Impact of Capital Gains Taxes

The one bright spot in the three-year bear market of 2000 to 2003 was the ability of equity managers to apply capital losses incurred to offset gains, thus minimizing taxes for investors. However, with nearly half of the nation's $7.5 trillion in mutual funds held in taxable accounts, a good many investors will soon find themselves becoming reacquainted with the sting of capital gains distributions, the downside of the now over three-year-old bull market.

According to the sixth annual investor survey commissioned by Boston-based investment manager Eaton Vance, a majority of investors (51 percent) paid capital gains taxes in 2003. Those with investments greater than $250,000 (65 percent) and Bush voters (52 percent) were more likely to have paid capital gains taxes than investors with investments of less than $250,000 (37 percent) and investors who voted for Senator Kerry (40 percent).
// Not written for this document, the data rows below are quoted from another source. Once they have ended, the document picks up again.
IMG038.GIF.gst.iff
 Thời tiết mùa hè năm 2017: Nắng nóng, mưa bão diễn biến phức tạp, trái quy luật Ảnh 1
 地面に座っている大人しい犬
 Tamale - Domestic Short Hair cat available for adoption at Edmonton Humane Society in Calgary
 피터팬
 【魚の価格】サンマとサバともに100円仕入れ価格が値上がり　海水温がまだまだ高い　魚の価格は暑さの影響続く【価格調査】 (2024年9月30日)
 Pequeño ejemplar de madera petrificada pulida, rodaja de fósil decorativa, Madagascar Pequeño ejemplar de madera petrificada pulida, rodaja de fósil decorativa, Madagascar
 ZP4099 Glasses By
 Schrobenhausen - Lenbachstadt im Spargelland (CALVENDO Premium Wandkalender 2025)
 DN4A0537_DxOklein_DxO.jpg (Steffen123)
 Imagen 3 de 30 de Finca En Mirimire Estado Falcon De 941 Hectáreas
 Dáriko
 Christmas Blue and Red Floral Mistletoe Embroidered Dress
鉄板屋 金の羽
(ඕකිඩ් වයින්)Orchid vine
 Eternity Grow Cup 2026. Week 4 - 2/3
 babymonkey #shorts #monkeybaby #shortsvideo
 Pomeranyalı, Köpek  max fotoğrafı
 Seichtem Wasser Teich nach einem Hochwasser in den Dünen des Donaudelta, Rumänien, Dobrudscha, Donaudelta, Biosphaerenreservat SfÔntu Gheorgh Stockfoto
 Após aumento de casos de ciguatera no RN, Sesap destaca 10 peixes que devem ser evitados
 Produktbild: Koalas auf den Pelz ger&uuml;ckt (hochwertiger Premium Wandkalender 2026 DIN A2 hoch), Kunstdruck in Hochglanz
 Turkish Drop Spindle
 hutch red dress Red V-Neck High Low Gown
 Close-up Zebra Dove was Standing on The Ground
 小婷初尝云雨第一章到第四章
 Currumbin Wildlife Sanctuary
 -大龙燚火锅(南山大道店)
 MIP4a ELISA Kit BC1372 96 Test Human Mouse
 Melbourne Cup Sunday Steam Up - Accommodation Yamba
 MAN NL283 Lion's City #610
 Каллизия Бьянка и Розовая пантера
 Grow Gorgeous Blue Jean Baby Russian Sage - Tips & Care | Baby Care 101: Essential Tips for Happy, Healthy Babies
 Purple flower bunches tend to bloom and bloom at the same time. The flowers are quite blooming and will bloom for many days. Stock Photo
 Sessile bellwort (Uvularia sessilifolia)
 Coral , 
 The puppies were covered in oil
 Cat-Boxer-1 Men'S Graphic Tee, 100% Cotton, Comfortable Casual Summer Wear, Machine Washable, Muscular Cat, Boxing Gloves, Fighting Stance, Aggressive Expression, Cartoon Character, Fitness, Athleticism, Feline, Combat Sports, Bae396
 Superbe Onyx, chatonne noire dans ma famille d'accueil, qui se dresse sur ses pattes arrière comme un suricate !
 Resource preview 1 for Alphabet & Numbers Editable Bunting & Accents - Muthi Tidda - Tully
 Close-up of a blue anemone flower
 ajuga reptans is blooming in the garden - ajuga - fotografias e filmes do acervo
The nationwide survey, conducted by Penn, Schoen and Berland Associates, was a comprehensive study among 1,000 U.S. residents who have invested in both qualified retirement plans and investments outside of qualified retirement plans (stock mutual funds, bond mutual funds, individual stocks, individual bonds, variable annuities and money market funds).

In 2001, the SEC identified taxes as potentially the single biggest cost associated with mutual funds and began to require disclosure to help investors understand the magnitude of tax costs and to compare the tax impact of different funds. Significantly, this disclosure is in the "risk/return" section of prospectuses.

Many investors (54 percent) say they are concerned that they may be subject to increasing capital gains taxes. The bull market is reacquainting investors with the reality of sharing their investment returns with Uncle Sam. Investors who voted for President Bush are much more likely (62 percent) than investors who voted for Senator Kerry (42 percent) to be concerned.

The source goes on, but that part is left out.